高精度
Code
const int MAX = 20000, BASE = 10000;
struct Node {
int number[MAX + 10], sign, length;
Node() {
memset(number, 0, sizeof(number));
sign = 1, length = 0;
}
void ClearZero() {
while(length >= 1 && number[length] == 0) --length;
if(!length) sign = 1, length = 1;
}
void Init(char s[]) {
int ans = 0, k = 1;
if(s[1] == '-') sign = -1;
for(int i = strlen(s + 1); i >= 1 && s[i] != '-'; --i) {
ans = ans + (s[i] - '0') * k, k *= 10;
if (k == BASE) number[++length] = ans, k = 1, ans = 0;
}
if(ans) number[++length] = ans;
ClearZero();
}
void Read() {
static char s[MAX + 10];
scanf("%s", s + 1);
Init(s);
}
void Write() {
if(sign == -1) printf("-");
printf("%d", number[length]);
for(int i = length - 1; i >= 1; --i)
printf("%04d", number[i]);
printf("\n");
}
void operator = (const int &b) {
int c = b;
if(b < 0) sign = -1, c = -b;
while(c) number[++length] = c % BASE, c /= BASE;
}
bool operator < (const Node &b) const {
if(length != b.length) return length < b.length;
for(int i = length; i >= 1; --i) if (number[i] != b.number[i])
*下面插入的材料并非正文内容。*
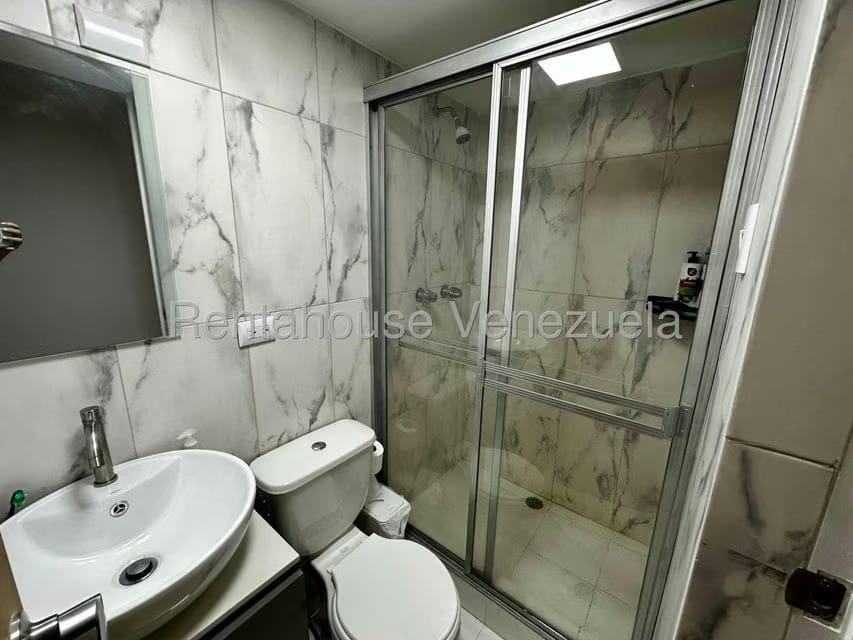 Apartamento (1 Nivel) en Venta en La Bonita, Distrito Metropolitano - 27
return number[i] < b.number[i];
return 0;
}
bool operator > (const Node &b) const {
return b < (*this);
}
bool operator >= (const Node &b) const {
return !((*this) < b);
}
Node operator+(const Node &b) {
Node c;
c.length = max(length, b.length) + 1;
for(int i = 1; i <= max(length, b.length); ++i) {
c.number[i] += number[i] + b.number[i];
c.number[i + 1] += c.number[i] / BASE;
c.number[i] %= BASE;
}
c.ClearZero();
return c;
}
Node operator + (const int &b) {
Node c; c = b;
return (*this) + c;
}
Node operator - (const Node &b) {
Node c, d;
c = (*this), d = b;
if(c < d) swap(c, d), c.sign = -1;
for(int i = 1; i <= c.length; ++i) {
c.number[i] -= d.number[i];
if(c.number[i] < 0) c.number[i + 1]--, c.number[i] += BASE;
}
c.ClearZero();
return c;
}
Node operator - (const int &b) {
Node c; c = b;
return (*this) - c;
}
Node operator * (const Node &b) {
Node c;
c.length = length + b.length;
if(sign * b.sign == -1) c.sign = -1;
for(int i = 1; i <= length; ++i)
for(int j = 1; j <= b.length; ++j) {
c.number[i + j - 1] += number[i] * b.number[j];
c.number[i + j] += c.number[i + j - 1] / BASE;
c.number[i + j - 1] %= BASE;
}
for(int i = 1; i <= c.length; ++i) if (c.number[i] >= BASE)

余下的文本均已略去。